Return each of the entries below precisely, with no pictures in the result.
++++++++++++++++++++
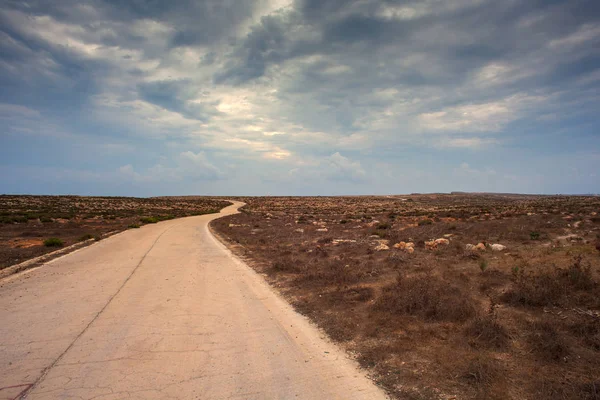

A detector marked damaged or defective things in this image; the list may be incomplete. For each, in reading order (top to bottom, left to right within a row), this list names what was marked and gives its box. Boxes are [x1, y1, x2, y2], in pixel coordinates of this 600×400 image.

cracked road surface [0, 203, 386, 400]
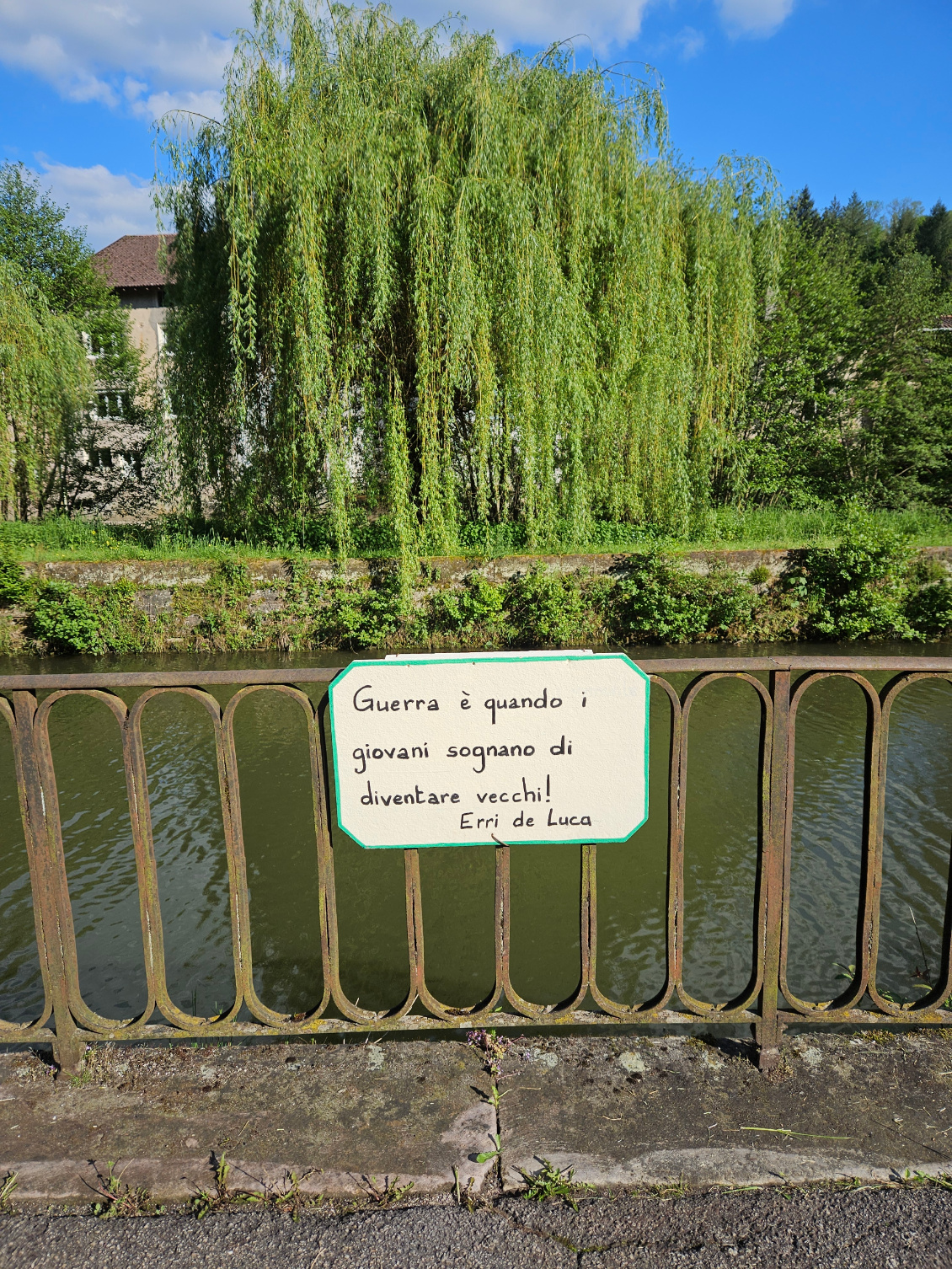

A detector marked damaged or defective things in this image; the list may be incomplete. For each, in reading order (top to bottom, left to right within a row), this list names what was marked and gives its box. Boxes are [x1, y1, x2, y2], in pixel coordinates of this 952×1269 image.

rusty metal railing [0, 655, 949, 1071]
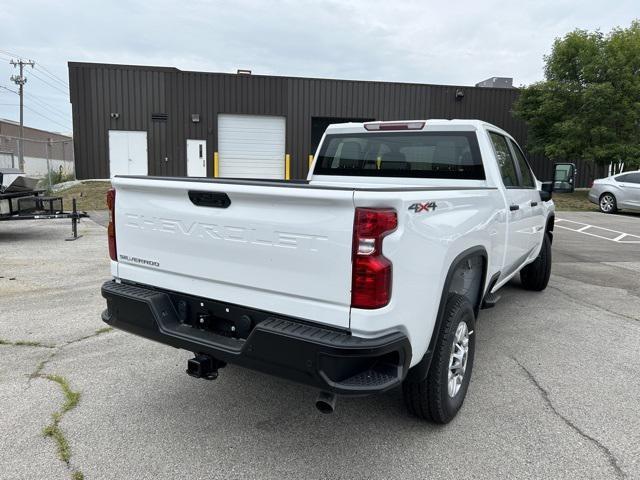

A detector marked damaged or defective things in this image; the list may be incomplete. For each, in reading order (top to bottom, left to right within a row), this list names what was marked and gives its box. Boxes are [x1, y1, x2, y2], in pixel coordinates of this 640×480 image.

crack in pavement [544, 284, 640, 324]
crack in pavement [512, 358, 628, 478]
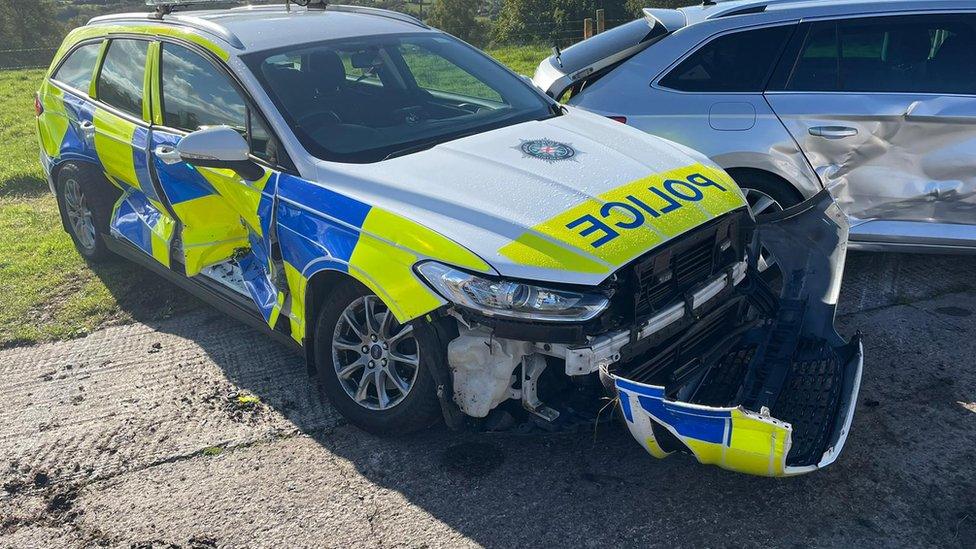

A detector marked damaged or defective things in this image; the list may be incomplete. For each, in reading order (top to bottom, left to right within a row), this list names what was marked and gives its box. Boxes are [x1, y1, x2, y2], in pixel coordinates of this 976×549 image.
++++++++++++++++++++
_Expected answer:_
A detector marked damaged or defective things in this image; the list may be incomplete. For each, in reading order (top to bottom, left to right within a row), this list names what was marked and gives its box. Boxes are [x1, y1, x2, y2], in pixel coordinates of this 600×400 image.

cracked road surface [0, 203, 386, 400]

A detector marked damaged or defective things in this image; the list may be incomplete. For each, in reading order (top to bottom, left to right within a row), this list names what was marked and gives its box. Boxes are [x1, y1, x2, y2], in pixel coordinates of this 952×1269 image.

rusty metal railing [0, 655, 949, 1071]

A detector marked damaged or defective things in this image; the list may be incomplete. For each, in reading order (top to bottom, left to right within a row), this list names what was marked and gives its box. Boxes are [x1, y1, x2, y2], in pixel coordinates of this 640×480 image.

crack in pavement [544, 284, 640, 324]
crack in pavement [512, 358, 628, 478]

A detector marked damaged or defective things in this image; the list may be incomplete. For each, in reading order (top to bottom, left to right within a row), this list names what was marked and gives its box. Boxes are [x1, y1, x2, y2], in pixel coordinates of this 976×549 image.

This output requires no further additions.